"Coach" Roscoe Draper

Born in Haverford, PA on May 14, 1919, Roscoe Draper grew up in Haverford and Bryn Mawr Pennsylvania. He graduated with honors from Haverford High School and continued his education at the Hampton Institute (later became Hampton University). After enrolling in the civil pilot training program in 1939, Roscoe received his Private Pilot license in 1940. He was one of two men selected for the secondary course at the Tuskegee Institute (later became Tuskegee University) and completed his pilot training in 1942. He was one of the first ten men of color selected to serve as flight instructor for the Army Air Corps "Tuskegee Experiment". He taught Army Air Corps cadets in the primary phase of their flight training at Moton Field, Tuskegee, AL (from 1942 to 1946) and he also served on the academic board for the Tuskegee Institute.
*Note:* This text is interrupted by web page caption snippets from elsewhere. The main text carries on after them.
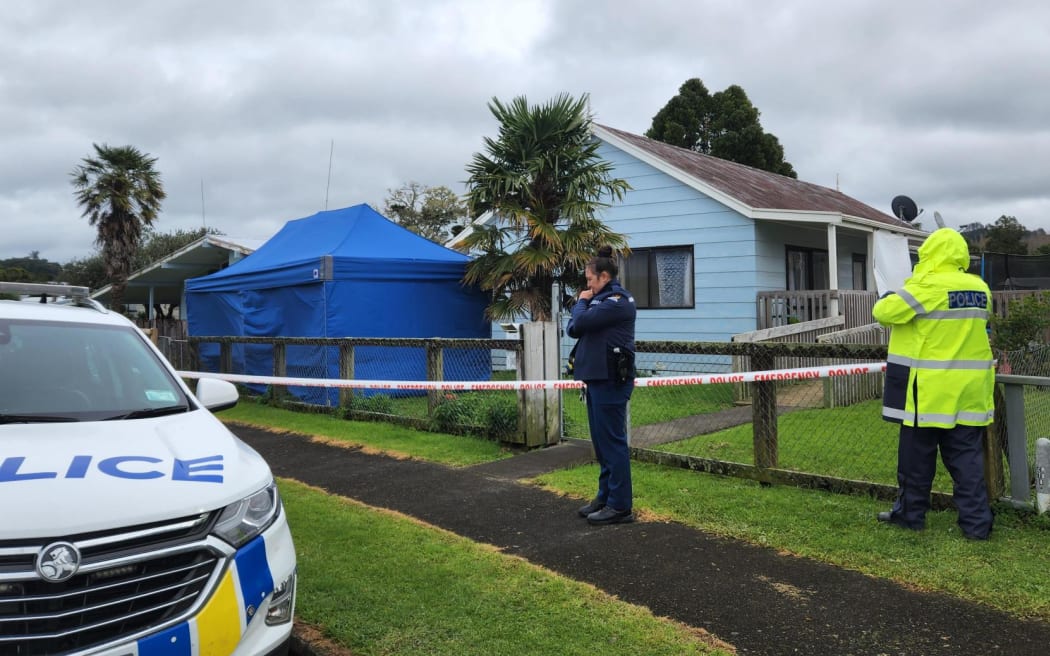 Police are executing a search warrant at a house on Taraire Street in relation to the investigation into the homicide of Linda Woods. At least four officers are guarding the cordoned house and other officers can be seen rummaging through rubbish bins on the property.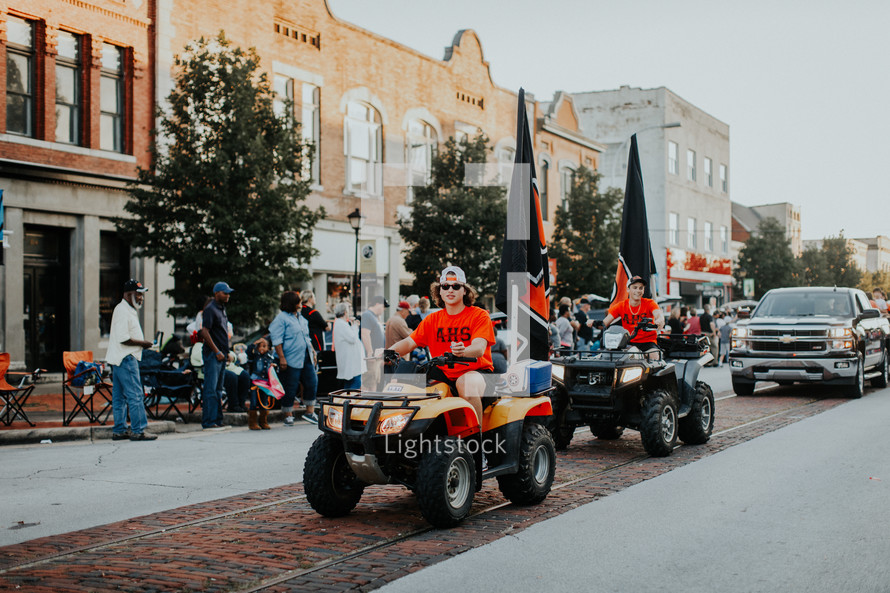 four wheelers in a parade 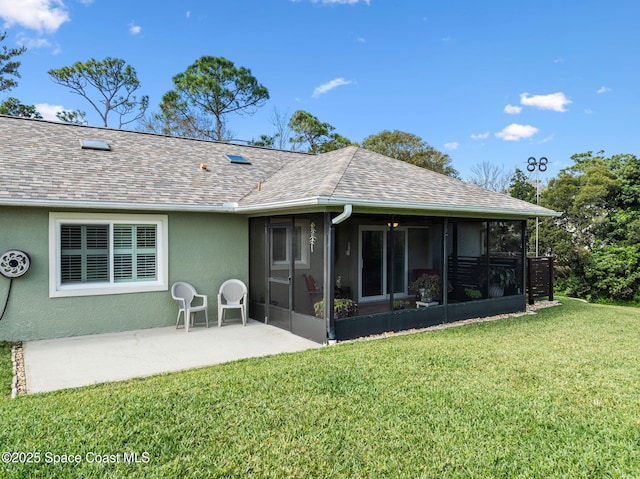 rear view of property featuring a sunroom, a patio area, and a lawn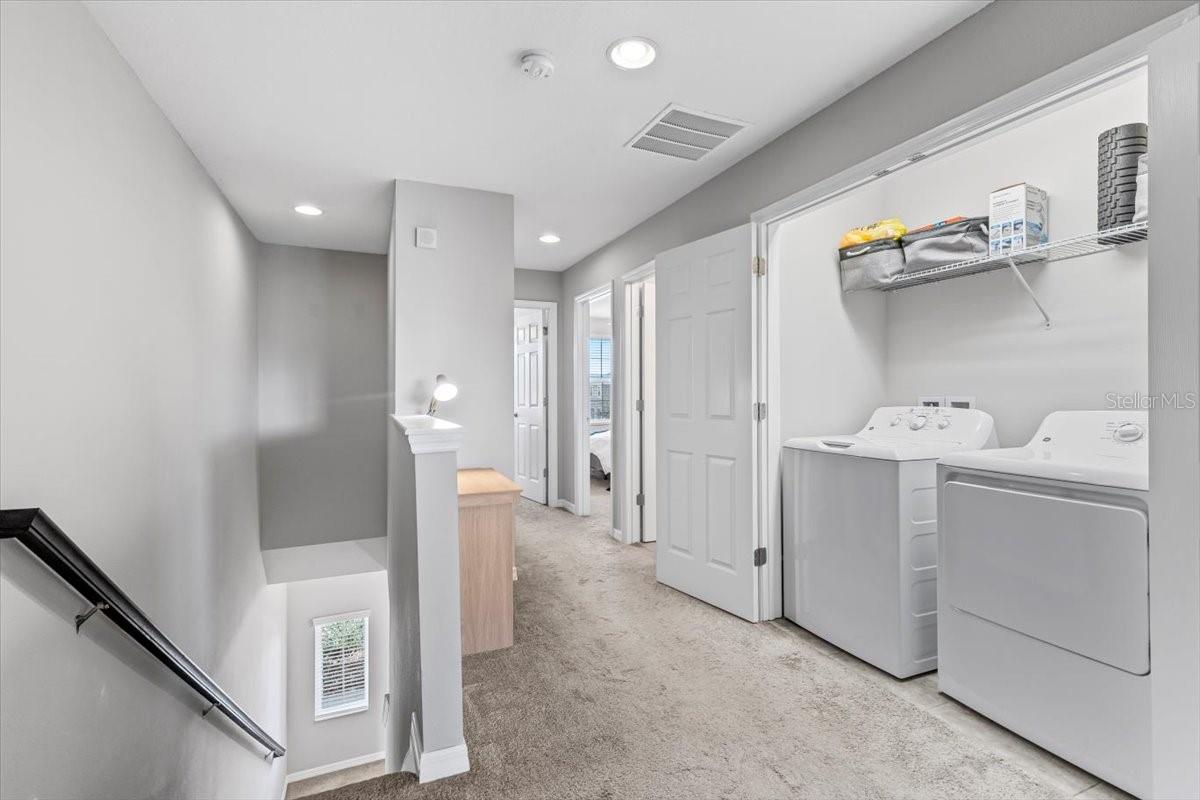 Convenient upstairs laundry room near bedrooms. No hauling baskets up and down!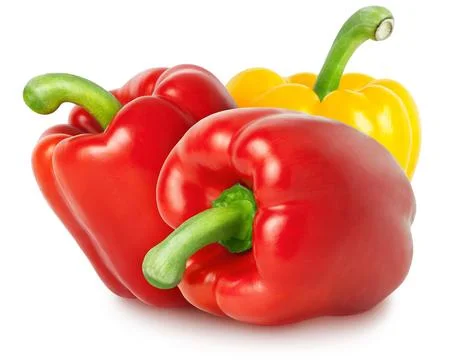 Isolated bell peppers. Two red and yellow bell pepper isolated on white Stock Photos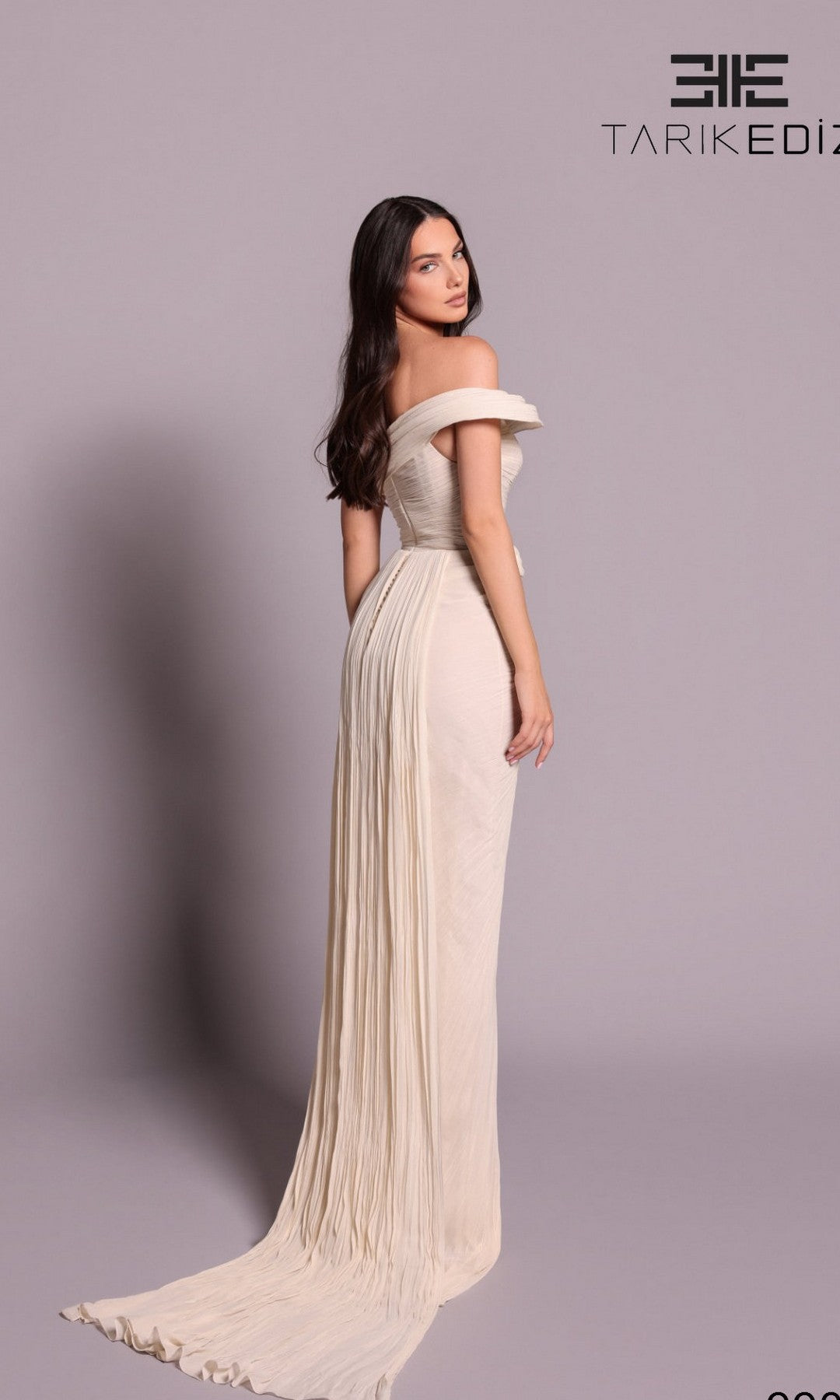 A woman poses against a plain light background in the Tarik Ediz 99095 Long Formal Dress, a cream-colored, off-shoulder, floor-length gown, with her body turned slightly to the side.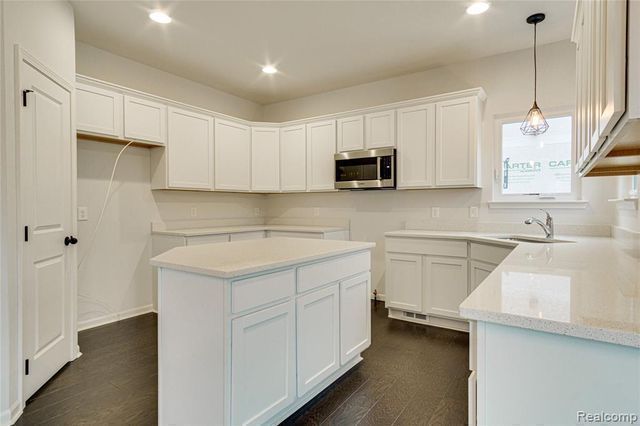 kitchen with pendant lighting, a center island, dark wood-type flooring, white cabinets, and sink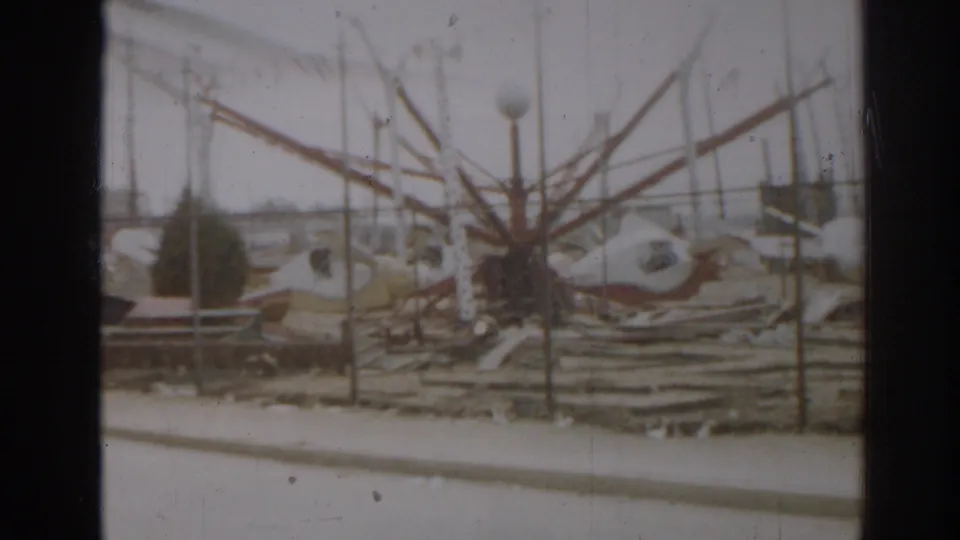 1963 New Jersey home-movie frame showing a damaged amusement-ride-like structure behind fence rails with scattered debris.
"Coach" was mentored by another aviation legend, "Chief" Charles Alfred Anderson (1907-1996) who was also from the Philadelphia area. Together, they trained the famed Tuskegee Airmen who went on to copile their own impressive list of accomplishments. Roscoe was affectionately given the nickname "Coach" by his flight students because it described his teaching style.

Coach later worked for the US Postal Service and the FAA in several capacities, including Pilot Examiner and Accident Investigator. Among his many airplane ratings, Coach is also certified in helicopters. His ratings are still current and he is teaching others to became better pilots.

The above is a summary of an article in a local Philadelphia newspaper but barely scratches the surface of "Coach" Draper's remarkable life.